▶ [WORK TASK]:
Line for line, return the data exactly, omitting all pictures.

══ THE DATA ══

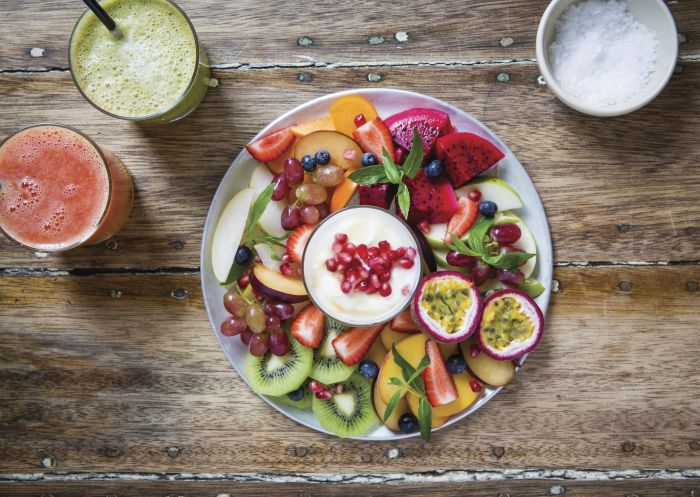 The Fruit Plate and fresh juices available at Bread & Circus Wholefoods Canteen, Alexandria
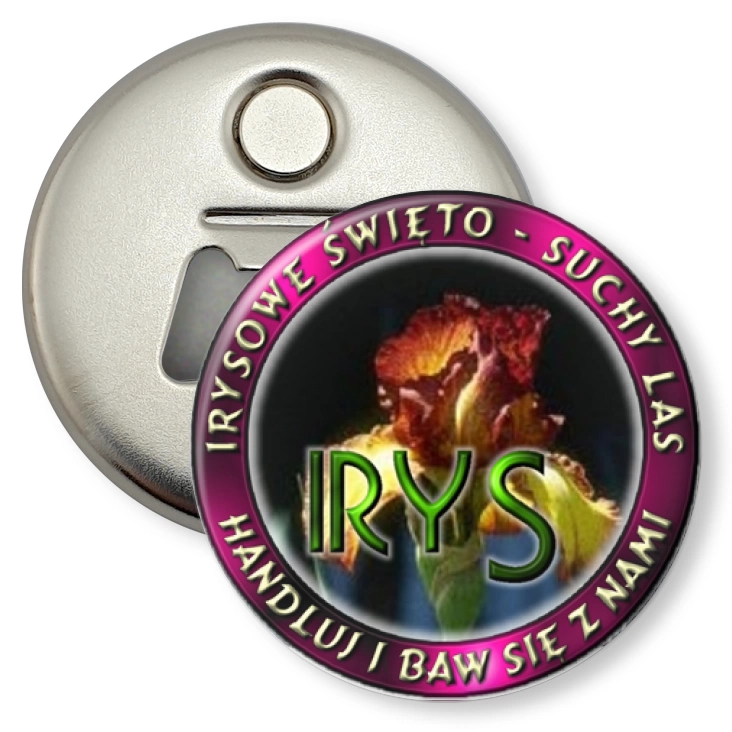 przypinka otwieracz-magnes Irysowe Święto - Suchy Las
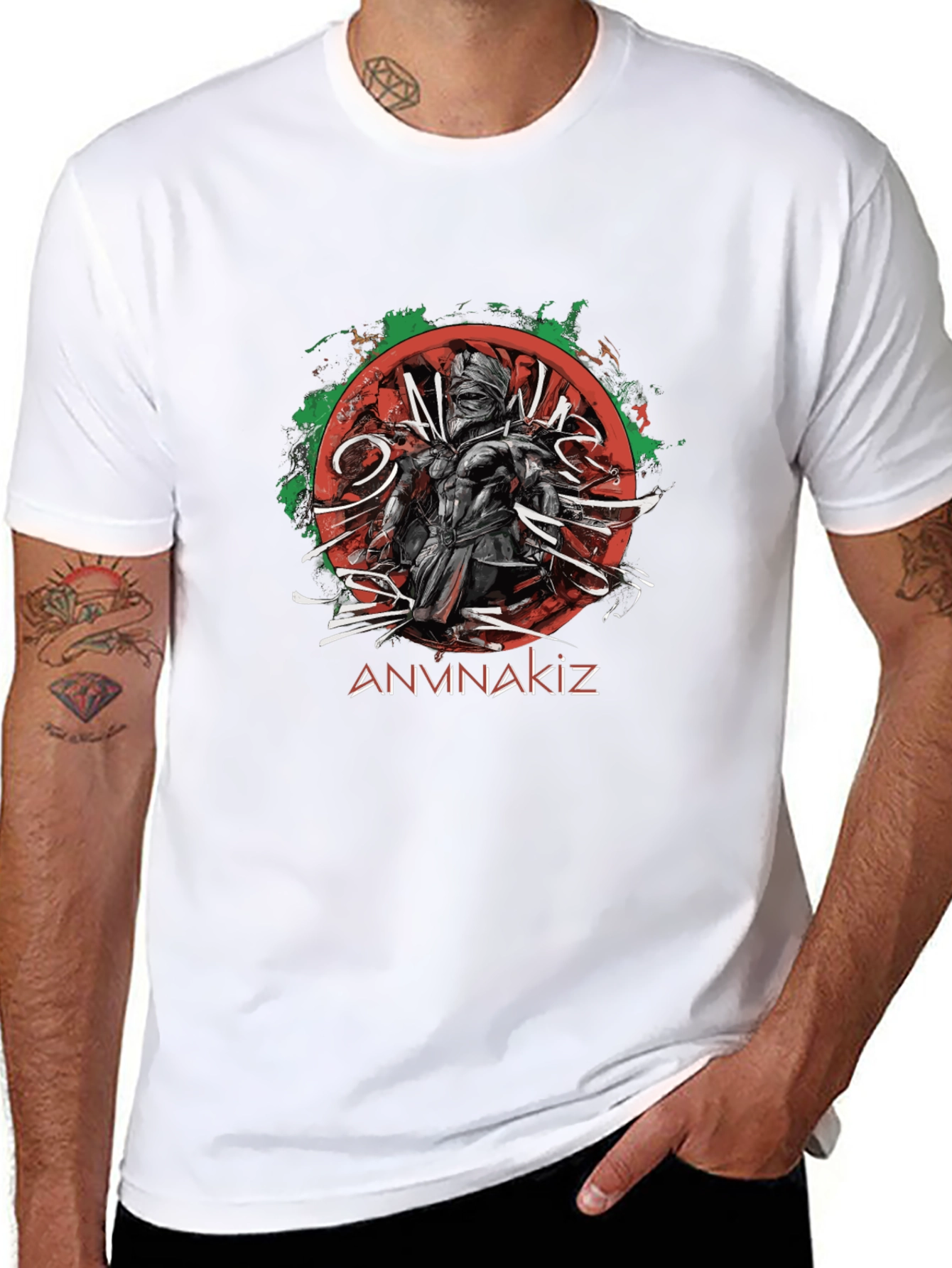 ANVNAKIZ Graphic Print Black T-Shirt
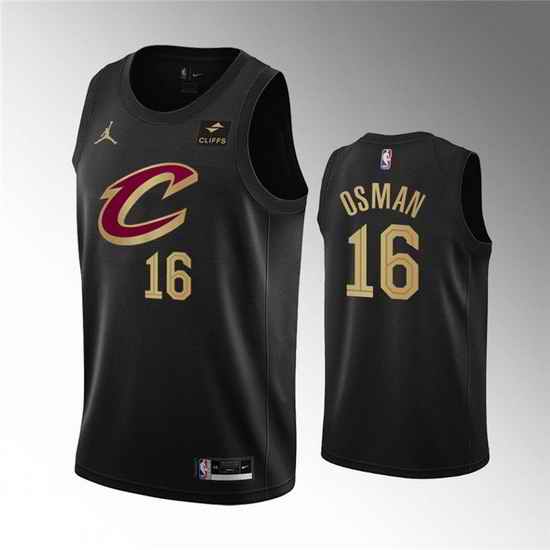 Men Cleveland Cavaliers #16 Cedi Osman Black Statement Edition Stitched Basketball Jersey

═══

▶ [EXPECTED ANSWER]:
 The Fruit Plate and fresh juices available at Bread & Circus Wholefoods Canteen, Alexandria
 przypinka otwieracz-magnes Irysowe Święto - Suchy Las
 ANVNAKIZ Graphic Print Black T-Shirt
 Men Cleveland Cavaliers #16 Cedi Osman Black Statement Edition Stitched Basketball Jersey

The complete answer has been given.